La planta se encuentra actualmente en un predio de 27.000 m2 en la localidad de Monte Grande y con su producción satisface plenamente los requerimientos de la industria nacional.

Los aisladores de media y alta tensión cumplen los estrictos requisitos de fabricación y ensayo exigidos por normas nacionales IRAM e internacionales IEC, ANSI, etc.

Todos los pasos de fabricación cobran de tal modo una singular relevancia a fin de lograr una óptima calidad del elemento, que se trasunta en un eficaz servicio en la instalación definitiva. En su producción sobresale la fabricación de aisladores de suspensión y retención, aisladores de perno rígido, aisladores soporte para estaciones transformadoras e interruptores y una amplia gama de productos técnicos para otras aplicaciones.

También desde principios de la década del 90 se comenzó con la investigación y desarrollo de una línea de aisladores poliméricos, los cuales fueron lanzados al mercado en el año 1995. Estos aisladores, si bien no son sustitutos de los de porcelana por sus características, están teniendo un gran desarrollo y FAPA ocupa un lugar de importancia en el mercado nacional.

FAPA cuenta con empresas mineras productoras de las diferentes materias primas que se usan para el proceso cerámico.
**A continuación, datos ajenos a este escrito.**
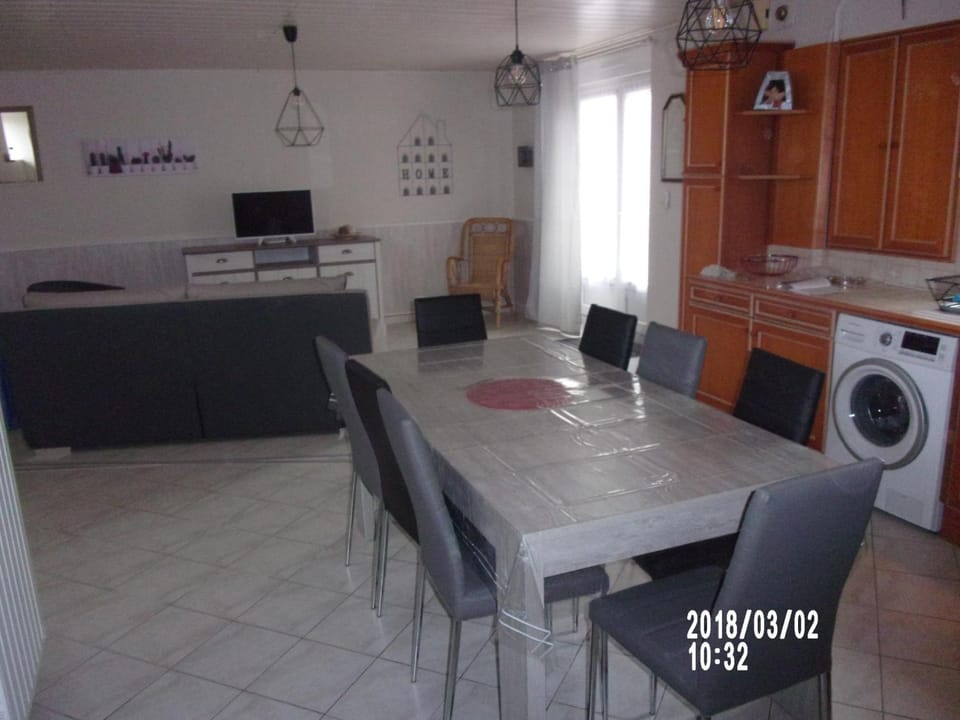Living room, Dining area, pet friendly, stove, washing machine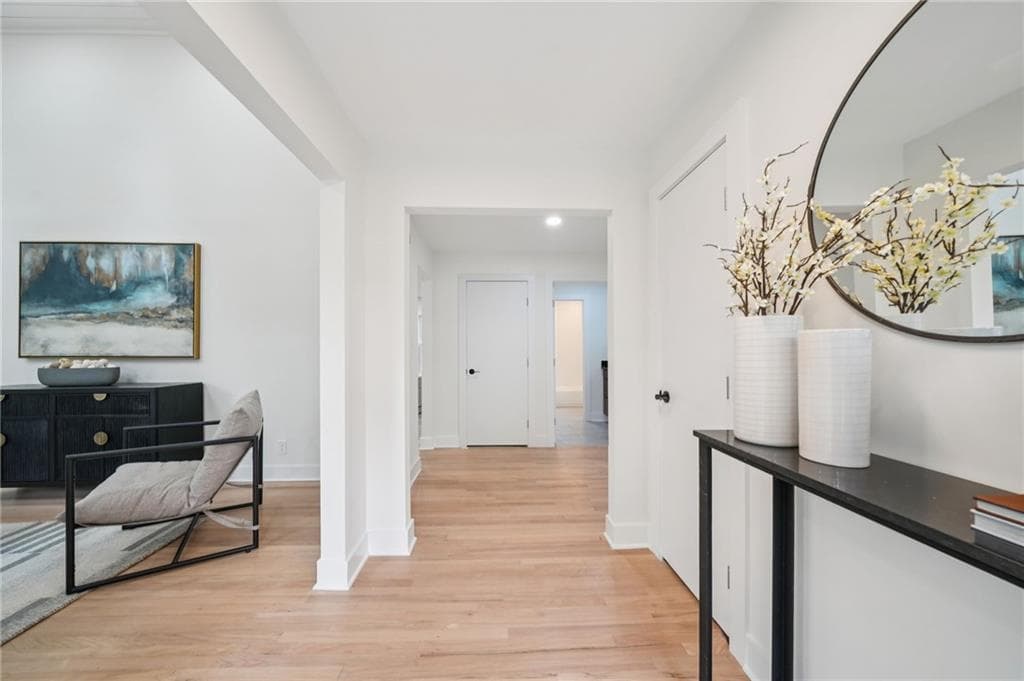 4 bedroom, 3 bathroom, 2,951 sq ft single family residence under contract at 6335 Aberdeen Drive, Atlanta, GA 30328 — photo 5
Dichos emprendimientos se encuentran en distintos puntos del país.

Siendo FAPA líder en el mercado y sirviendo a todas las empresas y reparticiones proveedoras de energía del país, en forma directa o a través de firmas contratistas de obras públicas, sus objetivos no se limitan al ámbito nacional sino que, con un definido perfil exportador, se proyecta al área latinoamericana cubriendo las necesidades de múltiples empresas proveedoras de servicios de generación, transmisión y distribución de energía.

Gracias a la determinación de su directorio y al trabajo mancomunado de profesionales, técnicos y operarios especializados FAPA produce resultados que enorgullecen a una industria de vital importancia en el desarrollo energético nacional.